Task to complete ▸ Only the lines from the one that contains "Then we also" through the last line of the data below should be duplicated, exactly and without pictures.

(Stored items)
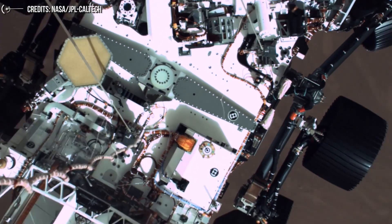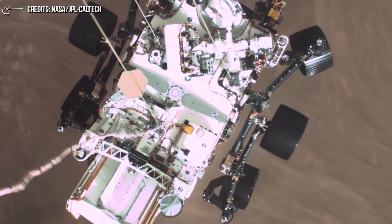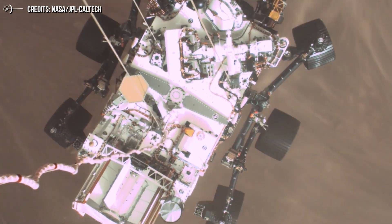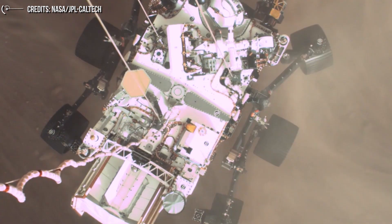As promised, in the afternoon of Monday, February 22, NASA began to release a high-resolution video of the most important and spectacular moments of the descent of Perseverance to the Martian surface, which took place four days before.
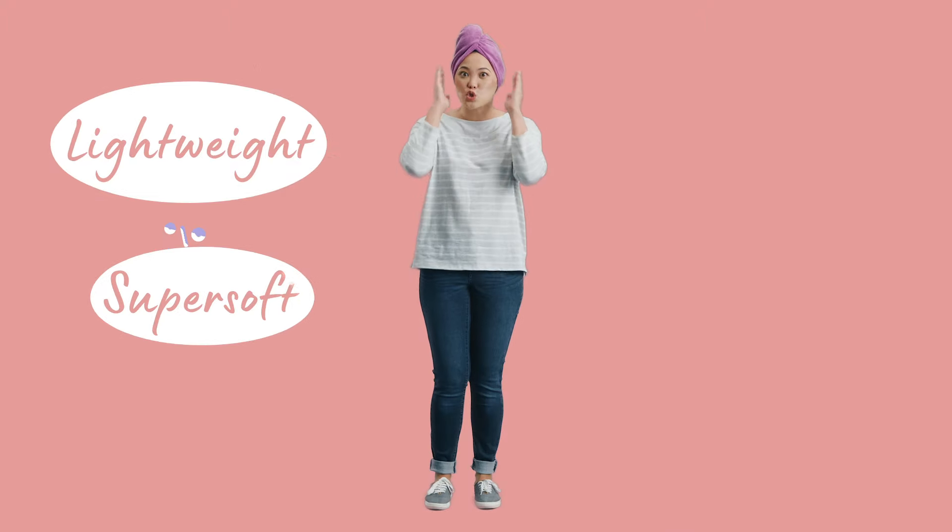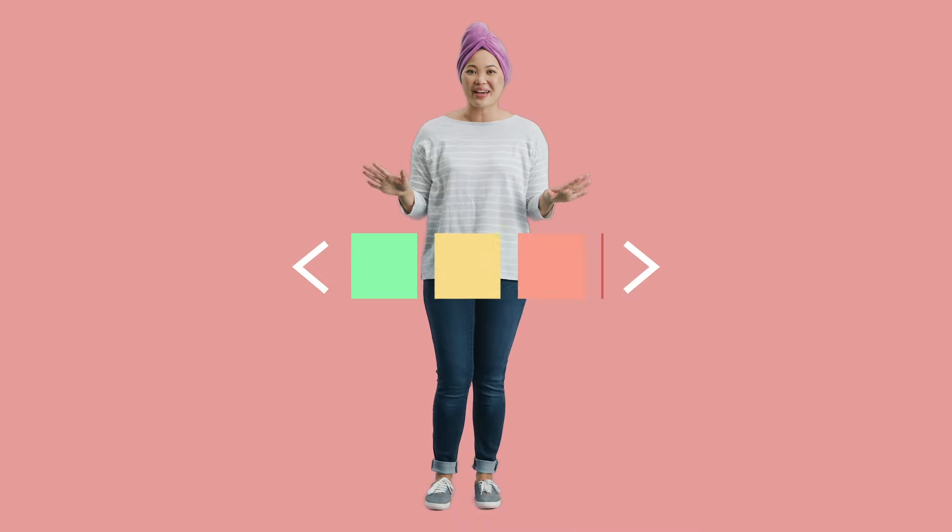It's lightweight, super soft, and dries hair fast. Plus, it's available in a ton of fun colors and patterns. And it's so small, it cuts down on my laundry time and makes it easy to pack for trips.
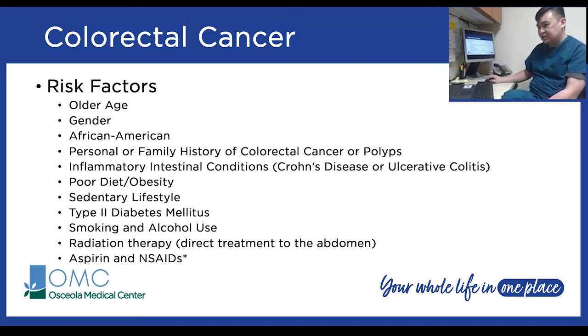Interestingly, aspirin and NSAIDs — things like ibuprofen and naproxen — have some evidence suggesting they are actually preventative and may help decrease the risk of developing colorectal cancer. However, there are no clear guidelines about this; it's based on only a few studies.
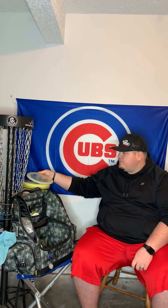My go-to distance driver is the Sheriff — I bag three of them. Going understable to stable: the first is my most beat-in Sheriff in Fusion plastic. Love the grip, and I've thrown some bombs with it. It's a little higher speed for my arm strength, but I absolutely love the Sheriff. It's my go-to distance driver, and when there's too much wind for the Captain, I can pull out the Sheriff for a predictable straight-to-finish flight.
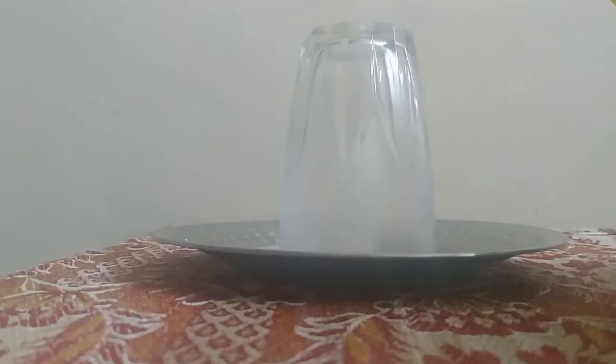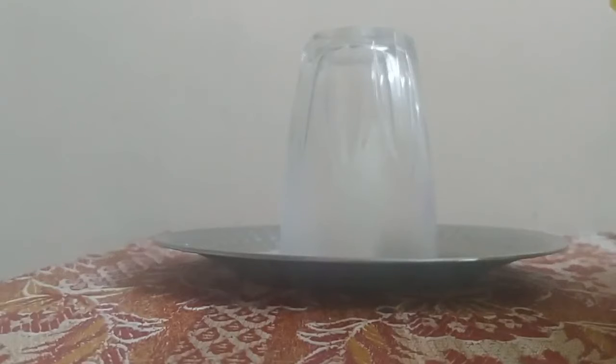As you can see, the candle burns out. The reason is that the oxygen present in the glass when covered on the candle is consumed by the burning candle.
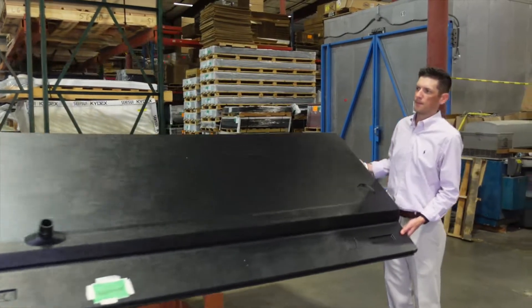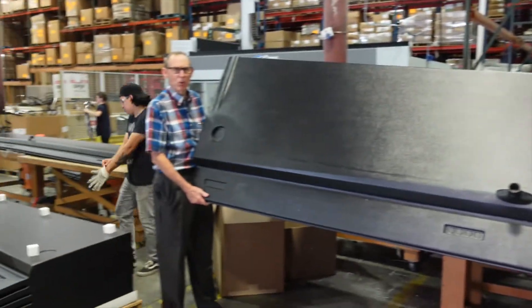Do you need a 14-foot part? Does that company have the ability to make a 14-foot part?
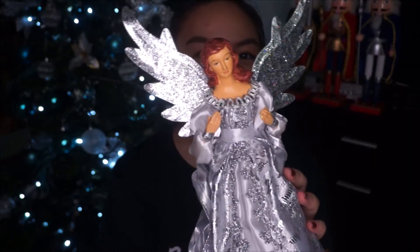Then we also got an angel — it's so beautiful! This is for the top of our Christmas tree because we didn't have a tree topper yet. And it was so perfect because we couldn't find a silver angel anywhere, since silver is the theme of our Christmas tree. Then just as we were about to leave, we suddenly spotted this one. It felt like a sign, so we bought it. It was being sold for 350 pesos, but they gave it to us for 300 pesos.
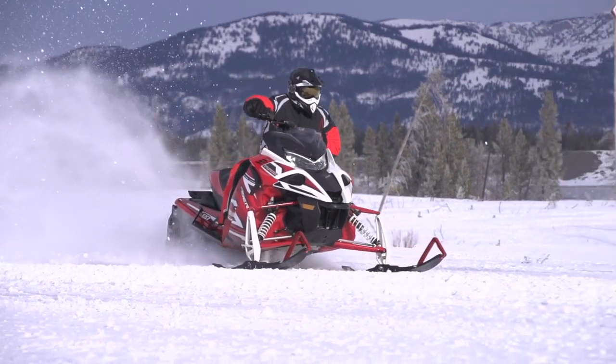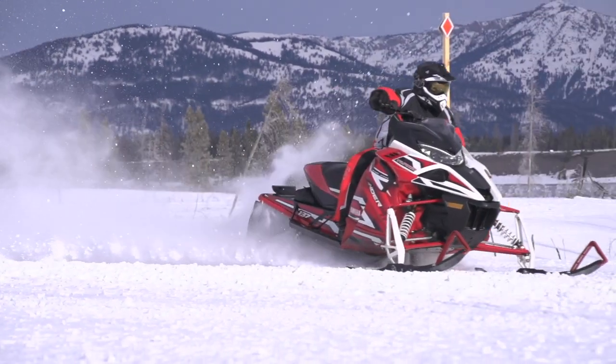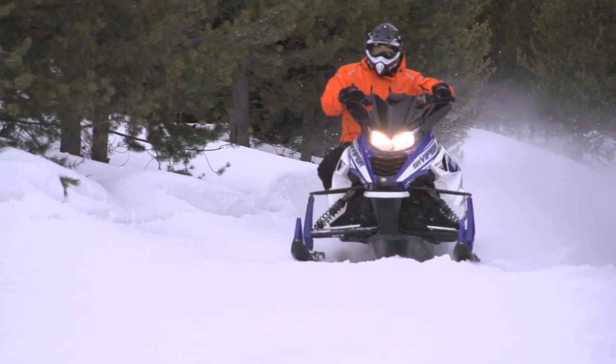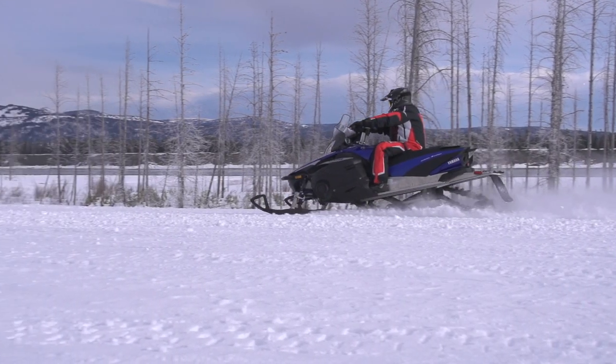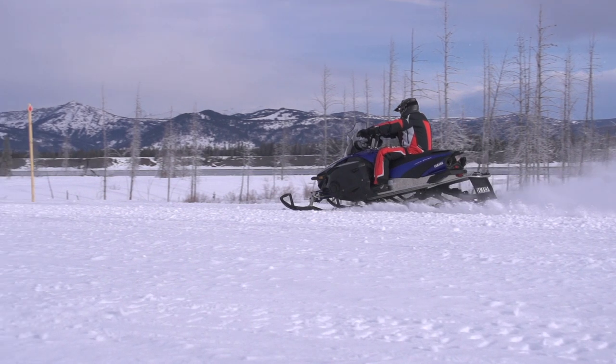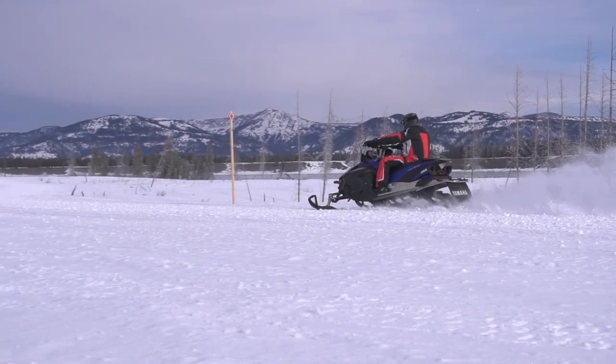For 2017, Yamaha has a lot of choices both in chassis and in engines, and in fact that creates a bit of an overlap at times. For trail riding, Yamaha now offers the new Sidewinder along with the recently added Viper and the long-standing legends the Apex and the Vector. This is where the buyer has to pay attention, as these sleds are very different but also have some similarities.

Result for this task ▸
Then we also got an angel — it's so beautiful! This is for the top of our Christmas tree because we didn't have a tree topper yet. And it was so perfect because we couldn't find a silver angel anywhere, since silver is the theme of our Christmas tree. Then just as we were about to leave, we suddenly spotted this one. It felt like a sign, so we bought it. It was being sold for 350 pesos, but they gave it to us for 300 pesos.
For 2017, Yamaha has a lot of choices both in chassis and in engines, and in fact that creates a bit of an overlap at times. For trail riding, Yamaha now offers the new Sidewinder along with the recently added Viper and the long-standing legends the Apex and the Vector. This is where the buyer has to pay attention, as these sleds are very different but also have some similarities.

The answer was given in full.